Lisa Picha, Lower School Psychologist
April 7-13 is National Library Week 2019. The American Library Association has been sponsoring National Library week since 1958. The goal is to “celebrate the contributions of our nation's libraries and librarians and to promote library use and support.”
Park Tudor has activities this month and throughout the year that highlight the division-level libraries such as Teen Read Week, Scholastic Book Fair and highlighting multicultural books for all grade levels. In celebration of our libraries, I would encourage everyone in our community to take a moment to visit a library and spend some time getting lost in a good book.
As I reflect on reading and time spent over the spring break enjoying time to read, I was reminded of something educators frequently say, and I have recommended too many times to count over the years to parents when asked how they can support their child’s reading - to read to and/or with them at home. It is typically recommended to read to or with your children for 20 minutes a day, and parents are encouraged to start this at a very young age, at least by SK. Here’s why: it’s generally well established statistically that reading 20 minutes daily exposes a student to 1.8 million words per year. This correlates with much higher achievement, and a student will have read 60 days by 6th grade when following this recommendation. Reading five minutes daily translates to 282,000 words per year and about 12 days by 6th grade. Students who read one minute each day are only exposed to 8,000 words a year and “would require one year to read what the best readers read in two days,” says Sally Shaywitz, M.D. Dr. Shaywitz goes on to say that “Books offer almost three times as many interesting or complicated words – words outside the general vocabulary of a sixth grader – compared to even the most educated speakers. Books for adult readers have about fifty rare words for every one thousand words; the spoken language of a college graduate has only about seventeen rare words per one thousand spoken words. Children’s books, too, have 50 percent more rare words in them than does the conversation of college graduates. And so, simply relying on even the most sophisticated conversations to increase vocabulary falls short of what can be gained through reading.”

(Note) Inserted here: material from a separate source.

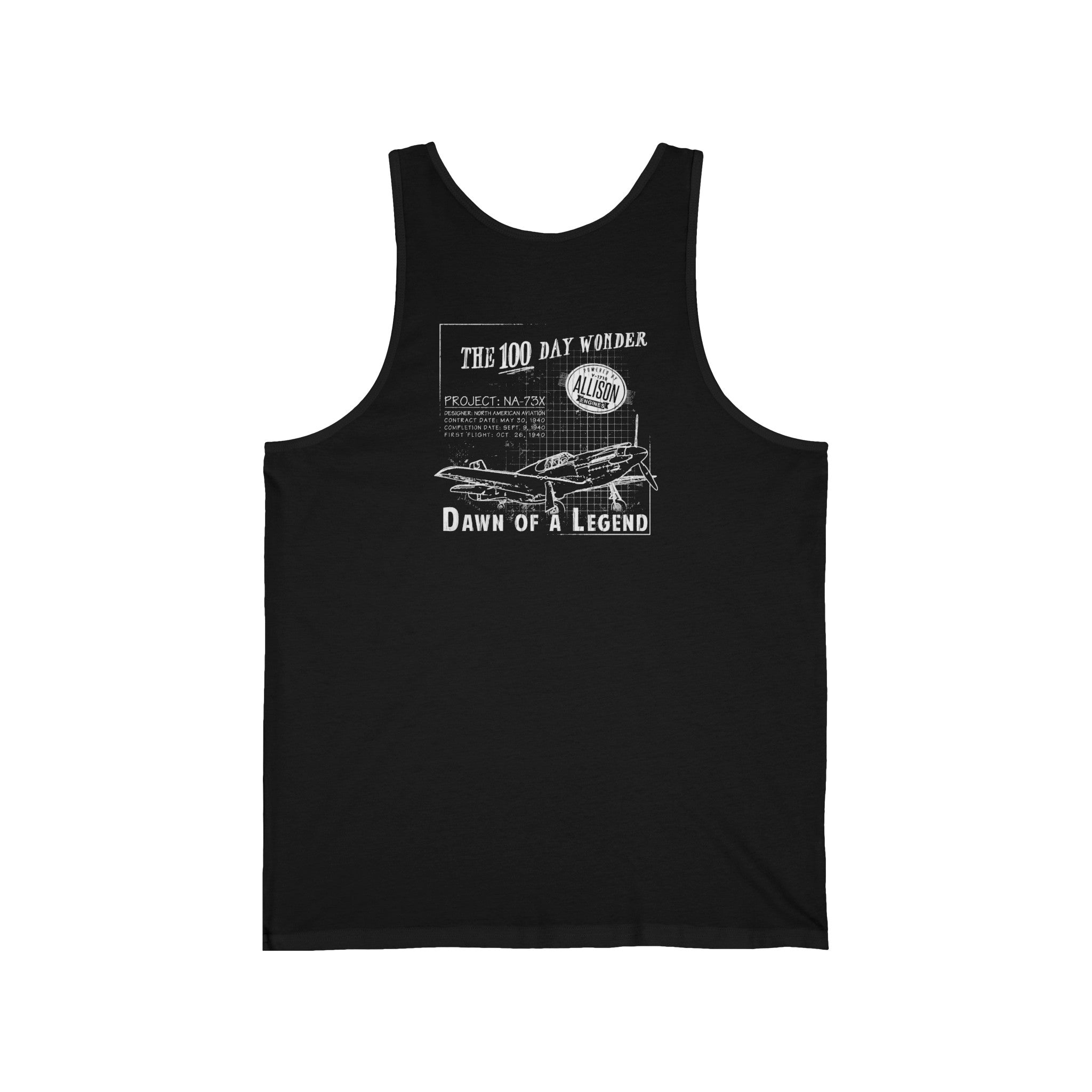 100 DAY WONDER MEN'S JERSEY TANK - S CENTER CHEST, LARGE BACK IMAGE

Schools by their very nature are places that teach, model, and help students develop a love for reading and learning. Generally educators would agree that it’s important that there is a balance between reading for skill and reading for pleasure. For many students reading at school can be both, but for a reader who struggles or has not found a love of reading they may become increasingly disengaged from reading activities. This has recently been a topic of discussion by Pernille Ripp in her book Passionate Readers: The Art of Reaching and Engaging Every Child. One point that especially hit home for me underscores the importance that adults play in helping students “find a book that speaks to them.” As we continue the work of teaching reading, let’s all support our student community by helping each of our students to find a book that doesn’t end with an activity they have to do but speaks to something that they are riveted by, want to know more about, makes them wonder, happy and joyful as we celebrate literature and literacy beyond a week in April.